Records shown:

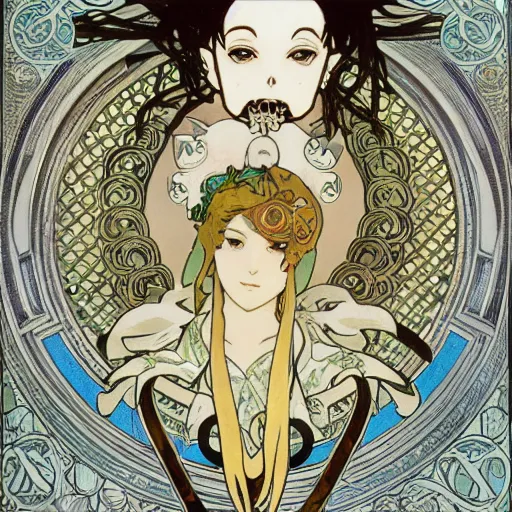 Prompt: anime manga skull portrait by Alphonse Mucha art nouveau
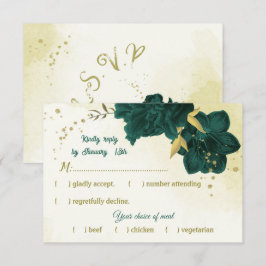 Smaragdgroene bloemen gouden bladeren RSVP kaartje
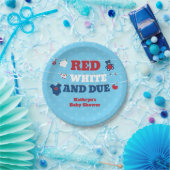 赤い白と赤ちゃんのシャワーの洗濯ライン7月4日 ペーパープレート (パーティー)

...

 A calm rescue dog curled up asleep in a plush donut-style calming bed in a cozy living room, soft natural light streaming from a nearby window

==

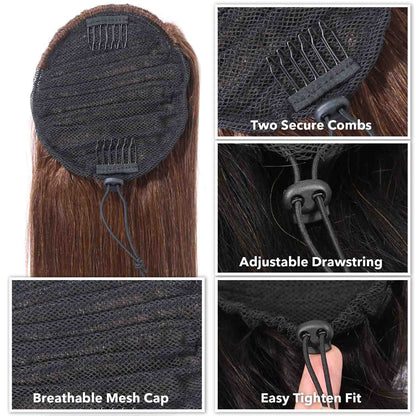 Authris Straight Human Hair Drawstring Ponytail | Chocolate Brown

Work item: With the pictures removed, print only the lines starting at the line that has "Smaragdgroene bloemen gouden" and ending at the line that has "赤い白と赤ちゃんのシャワーの洗濯ライン7月4日 ペーパープレート (パーティー)", both ends included, exactly as they stand above.

Problem solution:
 Smaragdgroene bloemen gouden bladeren RSVP kaartje
 赤い白と赤ちゃんのシャワーの洗濯ライン7月4日 ペーパープレート (パーティー)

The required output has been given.